City internal affairs investigators are already looking into Detective Sgt. Derwin Longmire’s handling of the Bailey case and Longmire’s relationship with the former leader of Your Black Muslim Bakery, an empowerment organization tied to the killing. Dellums wants the state to conduct what he has called a “concurrent, parallel investigation” of Longmire.
“It is imperative that an investigative agency outside the City also conduct an investigation,” Dellums wrote in a five-paragraph letter to Attorney General Jerry Brown, his predecessor as Oakland mayor.
Dellums said earlier this week he was making the request in response to stories the Chauncey Bailey Project reported over the weekend that Longmire ignored evidence linking Yusuf Bey IV to the killing. A bakery dishwasher and handyman, Devaughndre Broussard, is the only person charged in the Aug. 2, 2007, slaying.
“By initiating these joint investigative measures, we will learn the truth about what happened,” Dellums wrote.
Brown, Oakland mayor from 1998 to 2006, said earlier this week he would act if asked. He had not received the letter late Thursday and would not comment on the matter, a spokeswoman for him, Christine Gasparac, said late Thursday.
Dellums also wants what he describes as a “qualified criminal investigations consultant” to aide in the probes. His spokesman, Paul Rose, said that person has not been chosen.
When appointed, he or she “will be given the information the (police department) has already developed and will build on it from there,” Rose said.
Longmire, a 23-year veteran, has not been suspended as investigations unfold. Police administrators have refused to answer questions about the matter, including his job status. Officers under internal affairs probes are often placed on administrative leave.

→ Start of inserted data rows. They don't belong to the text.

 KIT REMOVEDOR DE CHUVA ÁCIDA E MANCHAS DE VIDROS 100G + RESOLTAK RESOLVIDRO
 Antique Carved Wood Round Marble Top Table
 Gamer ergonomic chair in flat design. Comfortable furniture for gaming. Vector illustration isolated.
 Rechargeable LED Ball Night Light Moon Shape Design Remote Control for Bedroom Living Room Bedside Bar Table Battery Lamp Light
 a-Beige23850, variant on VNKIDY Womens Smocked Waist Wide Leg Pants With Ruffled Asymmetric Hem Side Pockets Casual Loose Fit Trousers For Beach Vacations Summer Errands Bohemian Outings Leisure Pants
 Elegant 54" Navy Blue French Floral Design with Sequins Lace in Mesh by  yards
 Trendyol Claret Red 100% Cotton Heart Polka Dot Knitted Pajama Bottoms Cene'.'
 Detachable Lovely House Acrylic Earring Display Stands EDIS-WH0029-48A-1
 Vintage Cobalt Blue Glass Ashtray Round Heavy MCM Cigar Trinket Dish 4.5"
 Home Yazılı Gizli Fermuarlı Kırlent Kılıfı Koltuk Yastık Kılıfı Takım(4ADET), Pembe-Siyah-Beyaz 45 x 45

During recent investigations of faulty search warrants in Oakland, officers were suspended. Why Longmire has not been suspended “is a question the other 700 people” in the department are asking, an Oakland detective with knowledge of the matter said Thursday.
The investigation of Bailey’s killing has been taken over by the Alameda County District Attorney’s Office. Investigators there are looking at evidence Longmire never documented using, including Bey IV’s cell phone records, to expand the case beyond Broussard.

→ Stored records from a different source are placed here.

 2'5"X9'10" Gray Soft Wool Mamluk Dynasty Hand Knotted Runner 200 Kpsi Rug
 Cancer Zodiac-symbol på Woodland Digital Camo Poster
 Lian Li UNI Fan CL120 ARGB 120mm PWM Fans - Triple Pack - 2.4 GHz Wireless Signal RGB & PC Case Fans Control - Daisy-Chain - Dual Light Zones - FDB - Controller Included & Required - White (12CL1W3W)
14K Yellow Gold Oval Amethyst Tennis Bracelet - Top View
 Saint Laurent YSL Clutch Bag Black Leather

It was unclear late Thursday exactly how parallel investigations by both the police internal affairs division and the attorney general’s Criminal Investigations Division will work.
State Police Chiefs Association President Jerry Dyer of Fresno said it is not uncommon for law enforcement agencies to request an independent investigation. Most commonly, internal affairs would investigate violations of administrative policy and the attorney general staff would look into criminal wrongdoing.
Former Santa Clara County Superior Court Judge LaDoris Cordell said she is skeptical a concurrent investigation will succeed. Brown appointed her to the bench in 1982 when he was governor.
“The attorney general’s (staff) is being asked to come in because it has the expertise and independence to fully evaluate the Oakland police investigation into Chauncey Bailey’s murder,” she said. “So it makes no sense to me to have the attorney general come in and look over the shoulder (of internal affairs). That’s not what the attorney general does.”